Tibetans are considered a distinct ethnic minority within the greater cultural context of China, but even within Tibet there exist many different cultural groups and ethnicities. The region tends to draw in spiritual tourists who are drawn to Tibet to learn more about the practice of Buddhism. However, up until the 1980s, China did not permit visits to the region. Since then, China has periodically blocked tourists from visiting Tibet, including during the controversies surrounding the Olympics in 2008 and for a period of time in 2012 when more protests erupted.
On that note, let’s talk a little bit more about why there is so much cultural and political tension between Tibet and China in the first place.
Why Is Tibet an Autonomous Region and What Does This Mean?
Let’s start with the history of Tibet. Tibet has been a single unified state since as long ago as the 7th century AD. Even back then, Tibet’s culture was distinctly intertwined with religion. While early Tibetans were largely Shamanistic, Buddhism was introduced by India in the 8th century AD and became increasingly popular over the centuries. The bulk of central Asia was conquered by the Mongols in the 13th century, but Tibet remained relatively autonomous, operating as a vassal state.
When civil war broke out between the different Buddhist factions in Tibet in the 17th century, the Mongols backed the 5th Dalai Lama and gave him the official title of Spiritual Leader of Tibet. When in 1705 the Mongols moved in and killed the reigning Dalai Lama, the Tibetan people rejected the leadership the Mongols instituted in place.
Succeeding Dalai Lamas would be destined to fall into a continual cycle of exile and return while Tibet fell prey to repeated invasions from the British and Chinese, until it was eventually officially annexed by China in 1951. Some time after a crushed rebellion that forced the Dalai Lama to flee to India for good, Tibet was finally granted autonomous status in 1965 when the Chinese government abolished serfdom.

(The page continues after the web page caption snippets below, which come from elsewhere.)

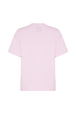 T-shirt col rond manches courtes en jersey de coton Doll pink vue de dos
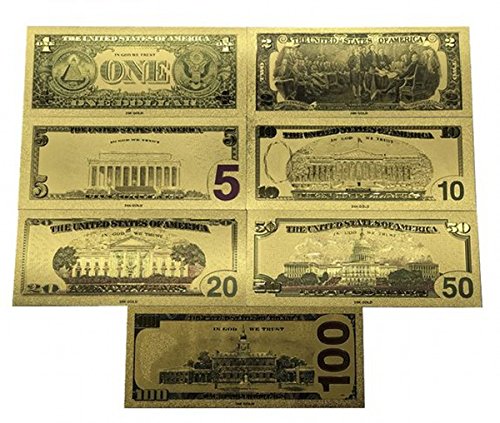 10 pz USA 100 dollari lamina d'oro banconota banconote soldi finti stati  uniti d'america carte da collezione USA denaro prop per la decorazione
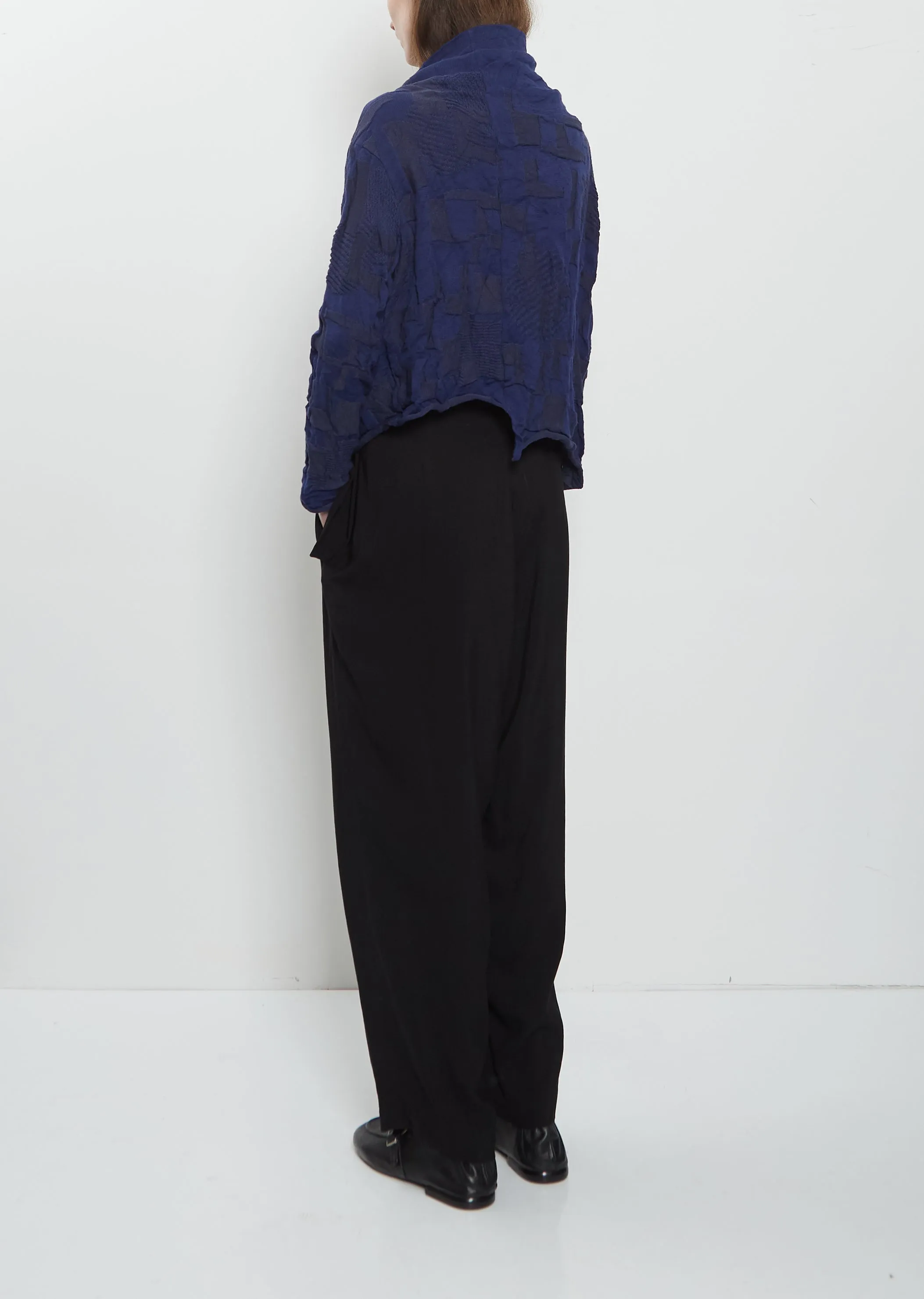 Off Neck Cotton Knit Cardigan sold by La Garconne product image thumbnail 3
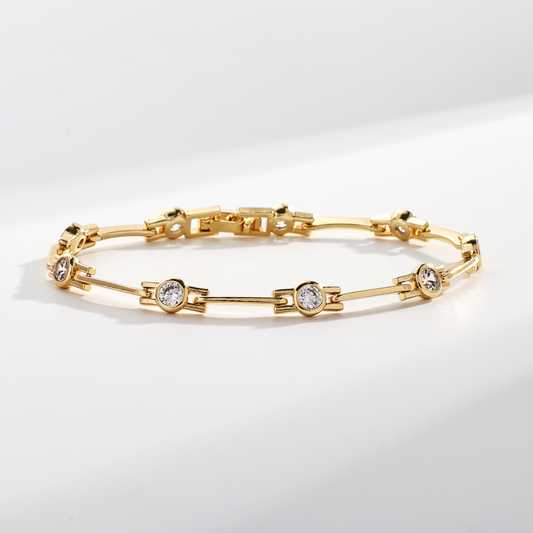 Gold Dazzling Zirconia Bracelet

However, the meaning of “autonomous region” is still widely debated. Many Tibetans continue to reject this status as unlawful occupation on the part of China. Meanwhile, the region is viewed by the Chinese government as a threat to the autonomy of the larger state.
Where Do Things Stand Today?
Keep in mind that since the Cultural Revolution of the 1960s, China has adopted a hostile stance toward religion. Forced secularization of Tibet during this period only served to exacerbate tensions between China and Tibet.
During the protests that erupted in 2008 in the wake of the Beijing Olympics, up to 100 otherwise peaceful Tibetans were killed, bringing worldwide attention to the plight of Tibet and the region’s continual struggle for freedom from China. It remains to be seen whether Tibet will ever be granted true autonomy from China or not.